DETAILED DESCRIPTION

[0010] Example embodiments will now be described more fully with reference to the accompanying drawings.

[0011] Exemplary embodiments are disclosed herein of patch antennas with dielectric resonator probes. Also disclosed are vehicular antenna assemblies including patch antennas with dielectric resonator probes.

[0012] In exemplary embodiments, a patch antenna includes a dielectric ( e.g ., ceramic, etc.) resonator that replaces the conventional probe pins that are traditionally used for feeding patch antennas. The patch antenna may be a single layer patch or single non-stacked patch antenna. The dielectric resonator may be operable as a single probe feed of the feed mechanism for the patch antenna.

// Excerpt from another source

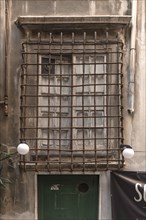 Barred window of a residential building in the historic centre, Genoa, Italy, Europe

[0013] The dielectric resonator structure may enable the patch antenna to have a narrower bandwidth with rejection at specific frequencies. The dielectric resonator may be tuned to any frequency that the passive patch antenna needs attenuated. This allows for decreasing susceptibility to specific bands of interference and not solely relying on the natural rejection of the patch antenna based on the substrate material. [0014] Specifications for SiriusXM^® satellite radio require a certain amount of passive rejection that is difficult to attain with certain patch antenna substrates. Other use cases besides SiriusXM^® satellite radio may require additional passive rejection at out-of-band frequencies to reduce interference issues. Using the dielectric resonator instead of a conventional probe pin may allow the patch antenna and a vehicular antenna assembly including the patch antenna to meet or satisfy the specifications for SiriusXM^® satellite radio and/or other use cases.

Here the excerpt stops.